U.S. President Barack Obama is promising to make a new push to deal with America's epidemic of gun violence.
Obama spoke today in Washington - his third public statement since last Friday's school shooting in Newtown, Connecticut.
The President said he is creating a task force to come up with "concrete proposals" to reduce gun violence, prevent mass shootings and create new mental health laws.
"This time, the words need to lead to action," Obama said.
"If there is even one thing that we can do to prevent any one of these events, we have a deep obligation - all of us - to try," he said.
"As I said on Sunday night, there is no law or set of laws that can prevent every senseless act of violence in our society," he added. "We need to work on making access to mental health care at least as easy as access to a gun."
"[But] the fact that this problem is complex can no longer be an excuse for doing nothing," he said.
Obama said the task force is "not some Washington commission." He's asked Vice President Joe Biden to lead it and report back "no later than January."
The president said a "majority of Americans" back changes to some laws, including a renewed ban on assault weapons and limits on high-capacity ammunition clips.
Senator Dianne Feinstein - a Democrat - plans to introduce legislation in the new year to bring back the ban on assault weapons.
It was allowed to expire in 2004 when George W. Bush was President.
Obama also said he wants to close loopholes that allow people to buy weapons for gun shows without a background check.
And he called on Congress to move quickly in the new year and hold votes on those issues, so it can pass legislation "without delay."
Biden could be key to getting changes through Congress. He's a long time supporter of gun control and has decades of experience as a senator, with a reputation for building support on Capitol Hill.
His team will include members of the Obama administration and representatives of outside groups.
Obama has been president during several mass shootings and has called for tighter gun laws before, but never strongly pushed to get anything done.
But this time could be different (maybe) as some pro-gun Democrats are calling for change, including Senators Harry Reid, Joe Manchin and Mark Warner.
Warner has said the "status quo isn't acceptable" and has called for "rational gun control."
Manchin - on the left - has said it's time to move beyond rhetoric. "I don't know anyone in the sporting or hunting arena that goes out with an assault rifle," he said.
Yesterday, Manchin - a gun owner and hunter - spoke with Obama on the phone.
He said he and the president "agree that as Americans and parents, all of our children belong to all of us - and we must work together to keep our precious children safe."
Manchin also said he knows "my friends at the NRA [National Rifle Association] and those who support our Second Amendment rights will participate because I know that their hearts are aching for the families in Newtown, just like all Americans."
Until yesterday, the NRA had said nothing about the Connecticut shooting.
In a statement, it said it was "shocked, saddened and heartbroken by the news of the horrific and senseless murders in Newtown."
"Out of respect for the families, and as a matter of common decency, we have given time for mourning, prayer and a full investigation of the facts before commenting.
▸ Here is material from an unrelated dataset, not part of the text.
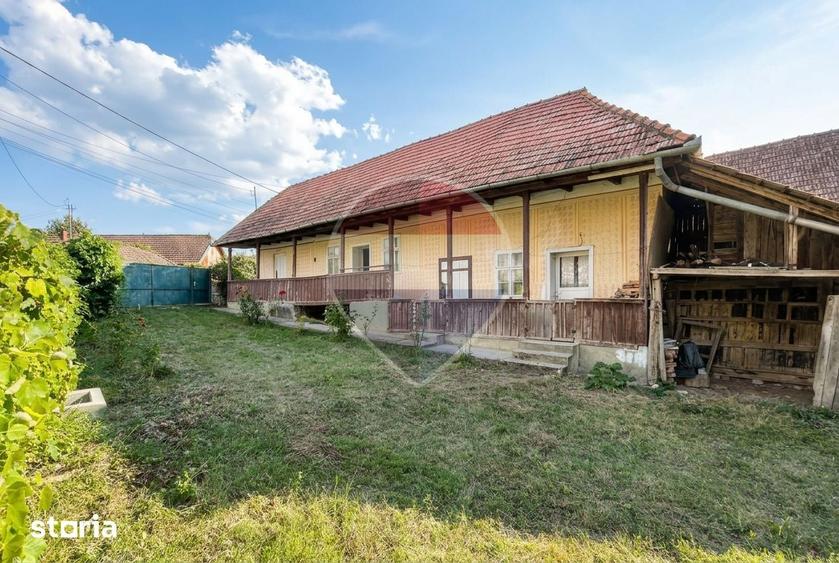 Casă cu 2 camere cu Teren 3618 Mp în Moldovenești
The NRA is prepared to offer meaningful contributions to help make sure this never happens again."
The group - which is one of the most powerful lobbies in America - plans to hold a news conference on Friday.
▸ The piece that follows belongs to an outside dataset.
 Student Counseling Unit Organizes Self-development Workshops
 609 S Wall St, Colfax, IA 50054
As for Republicans (who have a majority in the House of Representatives), some are saying this kind of violence is a mental health problem, not a gun problem.
Republican Louie Gohmert told NPR "I think to say that we need new gun laws in premature."
"As a former judge, it just seems the appropriate thing to do is gather all of the evidence before we come up with a verdict."
However, Republican Senator Charles Grassley has signaled he's prepared for a debate that includes guns and mental health.
And Republican Jack Kingston told NPR it might be time for change.
"The idea of squeezing the trigger in the face of a six-year-old is abhorrent. No one in here can believe it, it's something you can't get your mind off of and you can't get your mind around," he said.
Kingston added "we need to address this, and if there's a solution out there that involves guns, put it on the table."
20 children and six adults were killed in Newtown, Conn, when a man carrying a military-style rifle forced his way into their elementary school.